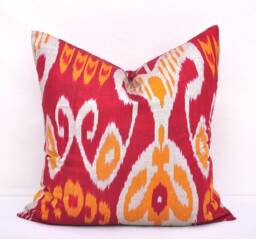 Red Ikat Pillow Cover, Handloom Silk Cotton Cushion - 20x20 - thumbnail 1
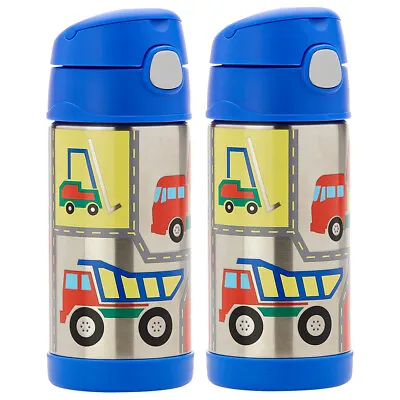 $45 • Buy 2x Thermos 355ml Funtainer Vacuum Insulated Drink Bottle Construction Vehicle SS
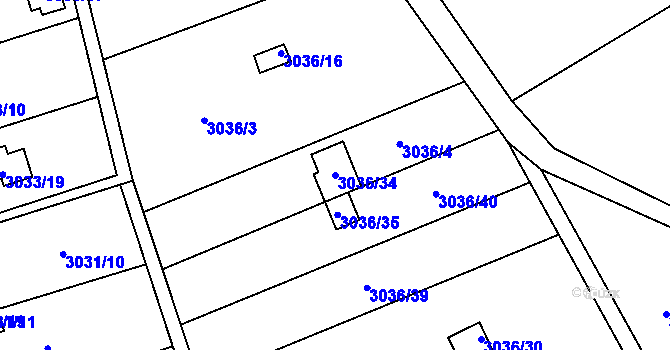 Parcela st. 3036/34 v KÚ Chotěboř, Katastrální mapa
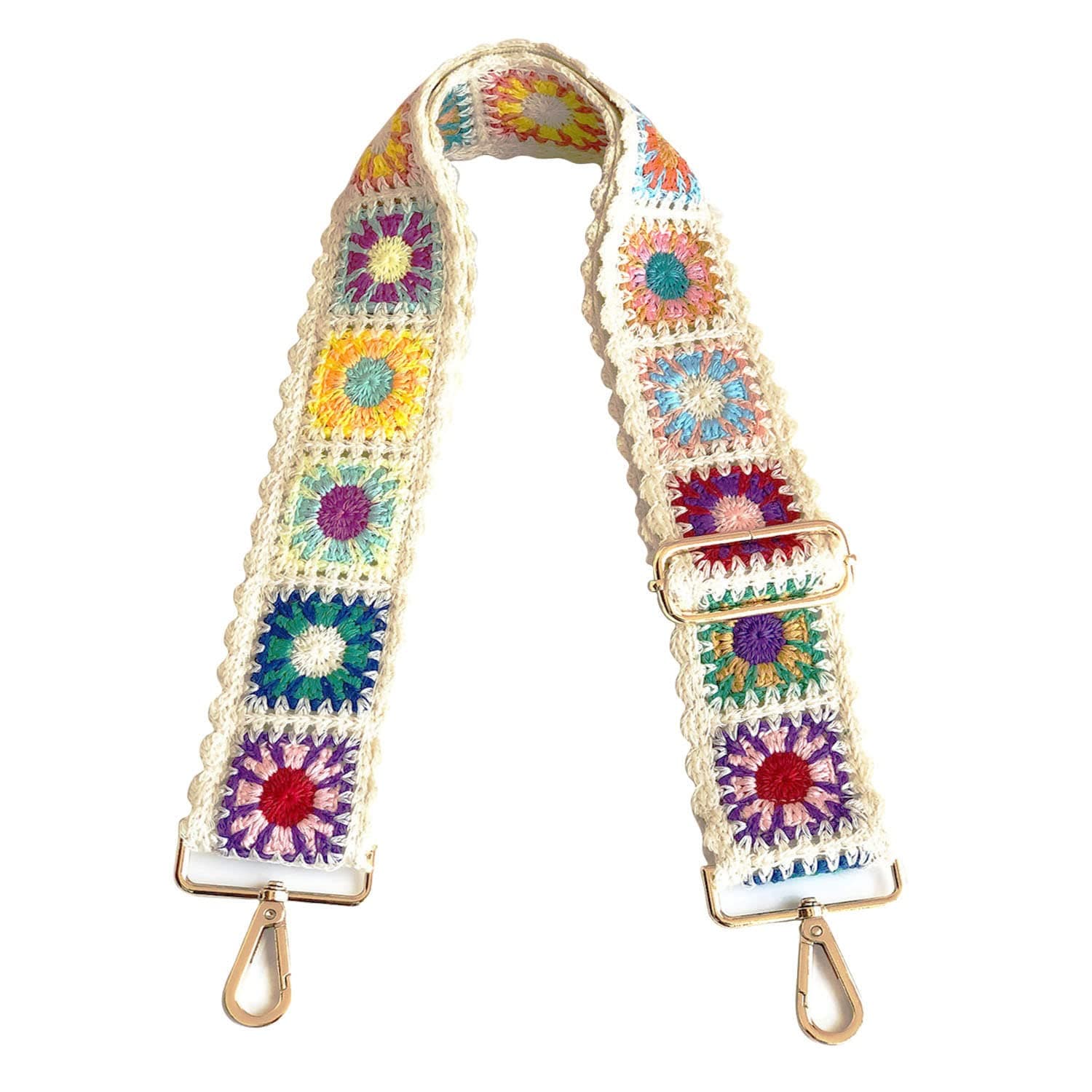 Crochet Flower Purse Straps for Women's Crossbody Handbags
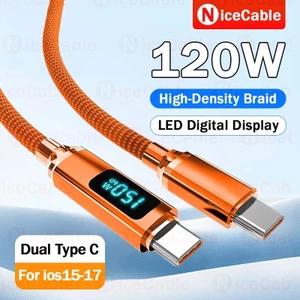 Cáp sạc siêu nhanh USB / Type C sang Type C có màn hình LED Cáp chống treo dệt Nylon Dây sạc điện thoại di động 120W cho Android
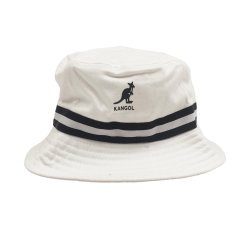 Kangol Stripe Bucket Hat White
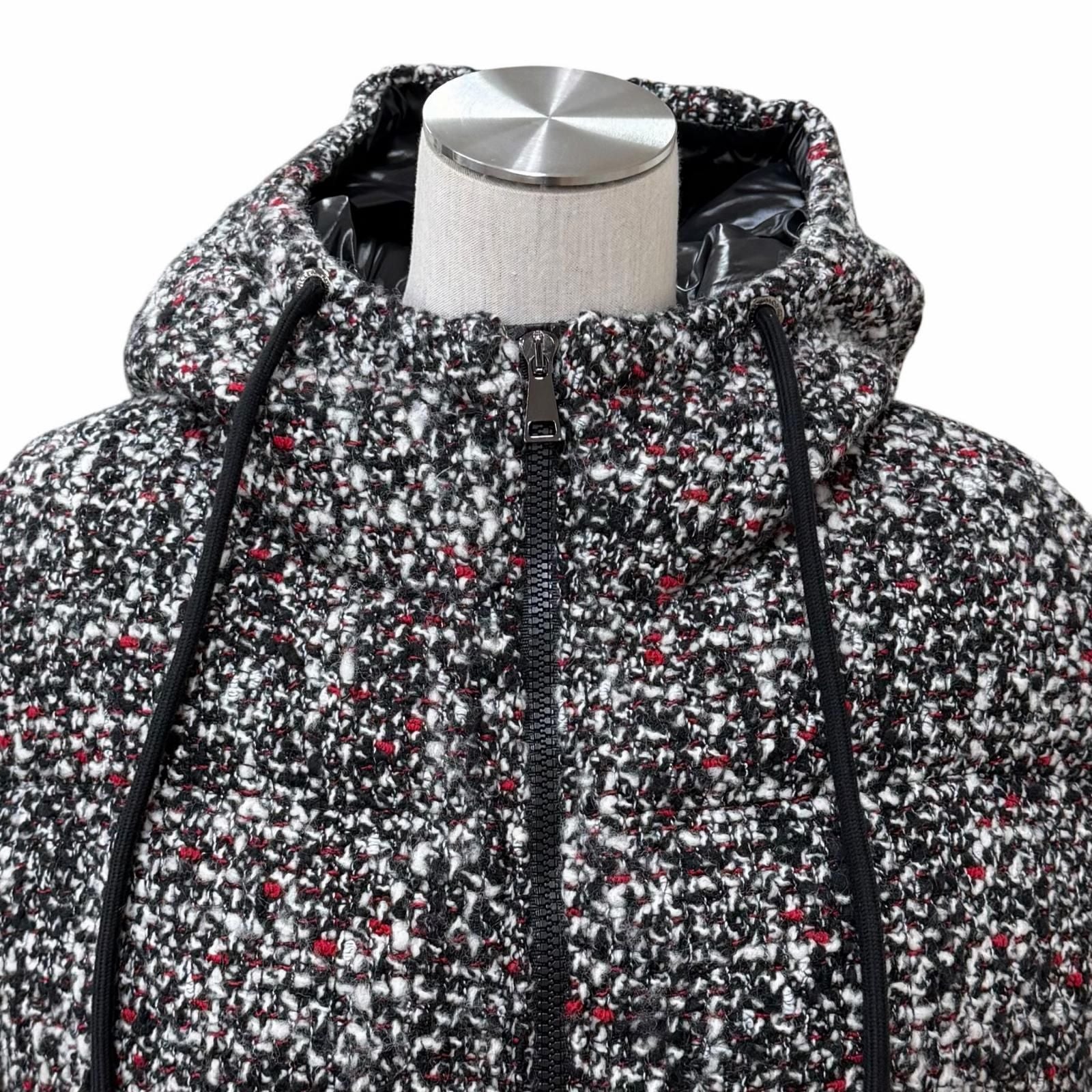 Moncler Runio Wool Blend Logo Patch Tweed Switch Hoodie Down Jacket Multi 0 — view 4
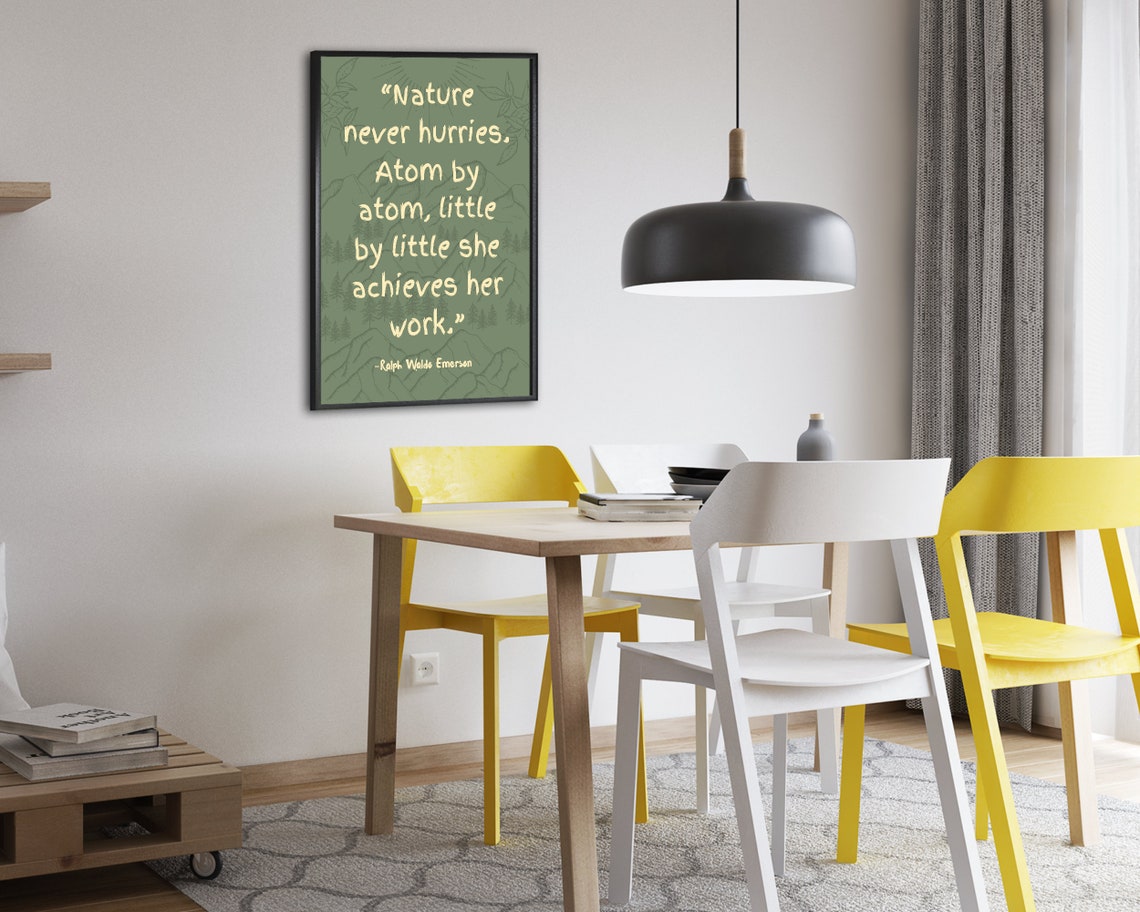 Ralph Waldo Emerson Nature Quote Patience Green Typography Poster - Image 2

□ □ □ □

WHAT TO DO: All lines from the line containing "Parcela st. 3036/34" through the end of the listing above are to be given again exactly; pictures are not part of the copy.

FINISHED EXERCISE:
 Parcela st. 3036/34 v KÚ Chotěboř, Katastrální mapa
 Crochet Flower Purse Straps for Women's Crossbody Handbags
 Cáp sạc siêu nhanh USB / Type C sang Type C có màn hình LED Cáp chống treo dệt Nylon Dây sạc điện thoại di động 120W cho Android
 Kangol Stripe Bucket Hat White
 Moncler Runio Wool Blend Logo Patch Tweed Switch Hoodie Down Jacket Multi 0 — view 4
 Ralph Waldo Emerson Nature Quote Patience Green Typography Poster - Image 2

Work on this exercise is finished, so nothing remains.